I think on case of urgency projects, like TICO-19, if we add some feature to label alternative versions of source term, who is preparing the work to distribute for new translations could have more freedom and optimize for speed (dozens of terms, days, if not hours, to take actions). But on case of Core-Person-Vocab, not only because is less terms (but also because there is more planning involved), if we document some additional attribute to justify the change for new variant of source term, we may also document that this would need more metadata (for example, organizations like WHO, that could also back up feedback from translations that the source terms are not aligned with definitions).

fititnt commented 2 years ago

RFC 6497, https://datatracker.ietf.org/doc/html/rfc6497 BCP 47 Extension T - Transformed Content

This document specifies an Extension to BCP 47 that provides subtags for specifying the source language or script of transformed content, including content that has been transliterated, transcribed, or translated, or in some other way influenced by the source. It also provides for additional information used for identification.

Either for potential initiatives like TICO-19 (who, based on all explanations they mentioned about using more than one source language, so an expressive way to store also wich source language or exact what translation was used as source for new versions) but also for ad hoc variants of source term, something like RFC 6497 can be relevant. It may not be as easy to make transparent for users, but do exist some expressive way to explain the source of a language.

  For example:
   +---------------------+---------------------------------------------+
   | Language Tag        | Description                                 |
   +---------------------+---------------------------------------------+
   | ja-t-it             | The content is Japanese, transformed from   |
   |                     | Italian.                                    |
   | ja-Kana-t-it        | The content is Japanese Katakana,           |
   |                     | transformed from Italian.                   |
   | und-Latn-t-und-cyrl | The content is in the Latin script,         |
   |                     | transformed from the Cyrillic script.       |
   +---------------------+---------------------------------------------+

On our case, one translation to Spanish from English (when really want to make sure what the source was) would be spa-Latn-t-eng-Latn, but if it was eng-Latn-x-term1234, the variant would be spa-Latn-t-eng-Latn-x-term1234. There is also the possibility of translations of translations, and depending of the route, this could means different target translation.

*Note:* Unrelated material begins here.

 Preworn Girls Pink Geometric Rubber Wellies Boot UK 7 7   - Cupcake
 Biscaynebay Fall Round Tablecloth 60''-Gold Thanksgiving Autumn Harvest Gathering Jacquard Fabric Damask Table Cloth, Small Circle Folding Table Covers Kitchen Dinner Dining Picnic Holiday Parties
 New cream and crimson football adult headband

There are some corner cases, but since potential proofreading/review is likely to be only from part of terms, some way to track what where the source terms could be relevant. So for example, if later was found that the proposed term was not good, only that part of translation could be invalidated. Another reason is the case of potentially allow export for translation both versions not as text annotation (an XLIFF comment) but two different translations from humans, but this situation is so specific, that instead of creating a new column, who is preparing translations could manually copy and paste the entire concept, and use a different concept code.

I understand that this level of keep track on how terms are generated are overly technical, but since HXLTM (as spreadsheet-like, not the TBX, wich could keep track of more data, but is less supported by tools) already need to be self-sufficient without need of complex frontends, the care on how to label the codes could be much better than most tools already encode terms.

Also, I'm almost sure that even the TBX validator (https://www.tbxinfo.net/tbx-dialects/?id=4) could consider as invalid language the BCP47 language style of Extension T, so if even validator don't have such feature, is very unlikely that other tools would support this compact notation.